NIMS Hyderabad and IIITH create pathology datasets for cancer & kidney research

Hyderabad: In a significant step towards advancing India-centric clinical research, the International Institute of Information Technology, Hyderabad (IIITH) has partnered with Nizam’s Institute of Medical Sciences (NIMS), Hyderabad, to launch publicly available datasets of digitized histopathological images. These datasets focus on brain cancer and kidney disease (Lupus Nephritis), providing crucial resources for medical research and AI development.
The India Pathology Dataset (IPD) project is a collaborative effort involving academia, hospitals, industry, and the government. Its primary goal is to digitize tissue biopsy slides, offering benefits such as reduced risk of slide damage, faster turnaround times, improved clinical decision-making, and expanded research opportunities through AI.
The project is supported by the Technological Innovation Hub for Data Banks, Data Services, and Data Analytics (TiH-Data). As part of the initiative, IIITH has installed a whole-slide digital scanner at NIMS to facilitate the digitization process. According to Prof. Vinod P.K, who is leading the dataset curation, digitizing these slides allows computers to visualize and share images, enabling collaborative diagnoses across locations.
Brain Tumor Dataset Released
One of the first datasets released is the IPD-Brain dataset, published in Nature Scientific Data. This open-access dataset, which includes 547 high-resolution H&E slides from 367 patients, is one of the largest of its kind in Asia. Dr. Megha Uppin, from the Department of Pathology at NIMS, emphasized the importance of precise tumor typing and grading for effective cancer management. The dataset provides a foundation for training machine learning models to improve diagnostic accuracy and explore regional variations in brain tumors.
AI has the potential to bridge gaps in brain tumor diagnosis, particularly in addressing the shortage of specialized neuropathologists. Digital pathology can also help peripheral hospitals access expertise from specialists remotely.

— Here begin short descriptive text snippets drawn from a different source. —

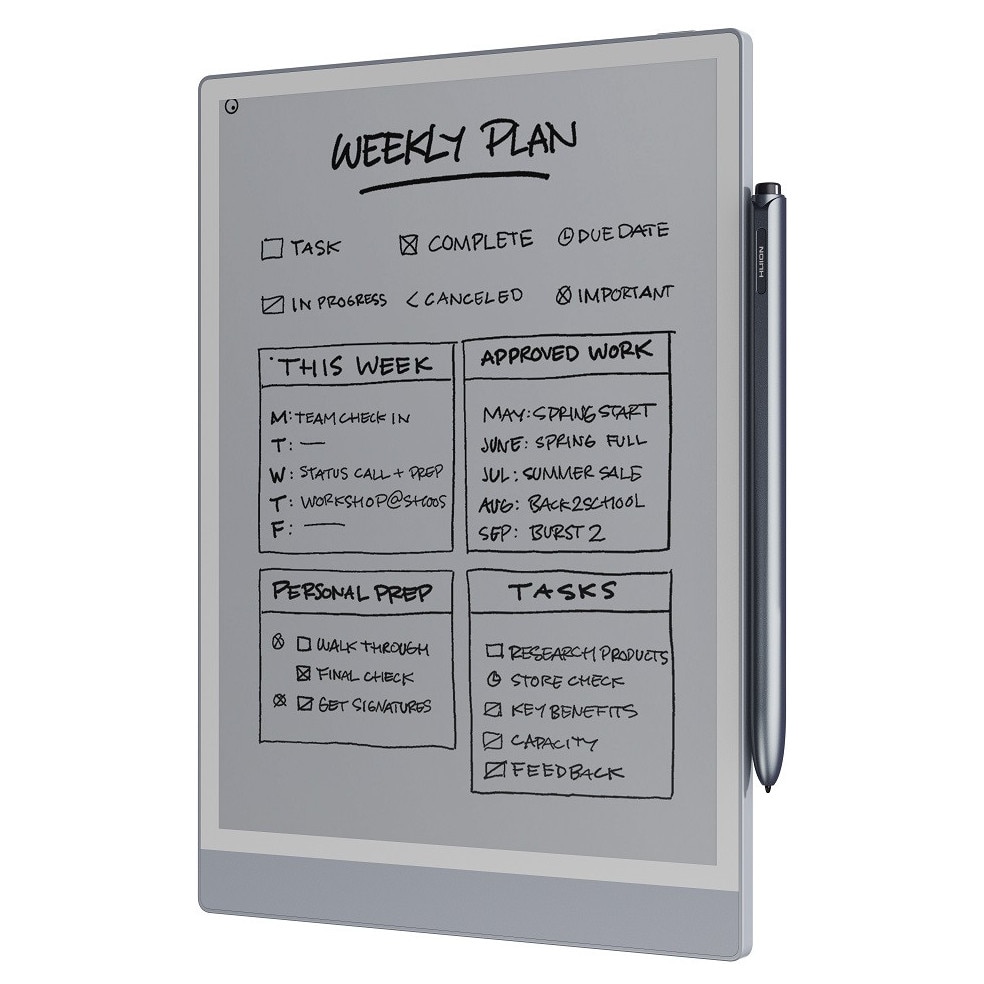 Tableta Huion E-Ink E1011, 10.3", Octa-Core, E Ink 227ppi, 4GB RAM, 64 GB, Android 11
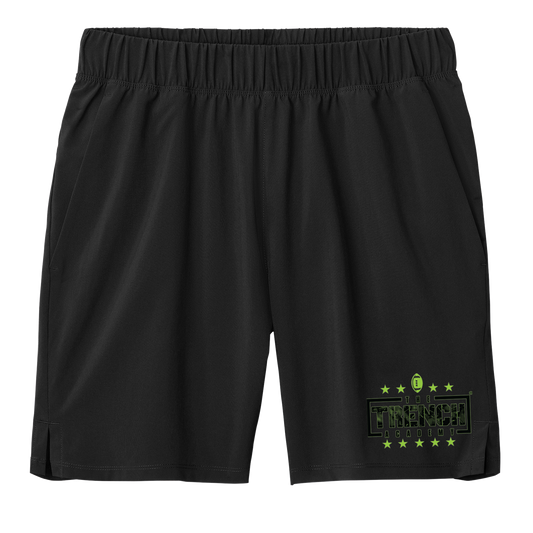 Trench Black Outline Shorts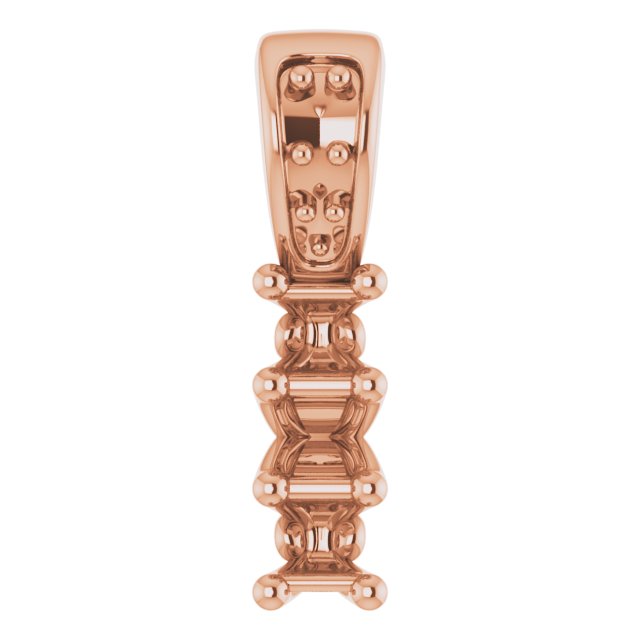 14k Rose Gold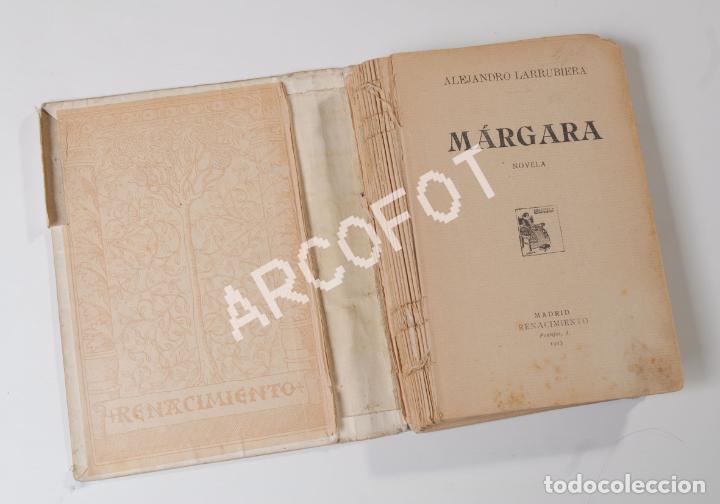 Libros: M&Aacute;RGARA - ALEJANDRO LARRUBIERA - RENACIMIENTO 1943 - Foto 4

The project aims to expand the dataset to include other cancers, such as breast, lung, colorectal, oral, and cervical cancers. NIMS is also contributing to the lung cancer dataset.
Lupus Nephritis Dataset
In addition to cancer-related datasets, the IPD project has compiled a dataset on Lupus Nephritis, a kidney disease caused by an autoimmune response that disproportionately affects women in India. The dataset will help nephropathologists at NIMS classify the disease and recommend appropriate treatments. AI tools are expected to address challenges in classifying disease subtypes and overcoming interobserver variations.
AI and Molecular Prediction
AI is also being used to predict molecular markers from H&E slide images. Traditionally, molecular profiles are obtained through genetic testing or immunohistochemistry (IHC). However, the IPD team is exploring how tissue morphology can reflect underlying DNA alterations, potentially predicting critical markers such as IDH mutations in brain tumors.
The Importance of Histopathological Datasets
The IPD project’s open-source datasets are valuable resources for researchers developing new AI models and conducting data analysis. Prof. Vinod noted that the project is one of the first instances of open-source medical data from India. The IIITH campus now houses a second slide scanner available for research and educational use. Dental colleges and corporate hospitals are already utilizing the technology.
In addition to research, the dataset serves as an educational tool, offering MD students and pathologists a resource for studying histopathological images in depth.
Looking ahead, Prof. Vinod mentioned that additional datasets, including one on breast cancer, are developing. The IPD project is unique in its focus on Indian demographics, filling a gap in the availability of region-specific data for histopathology research, which has traditionally relied on datasets such as the U.S.-based TCGA (The Cancer Genome Atlas).
The India Pathology Dataset project is set to significantly contribute to clinical research, education, and the development of AI-based diagnostic tools in India.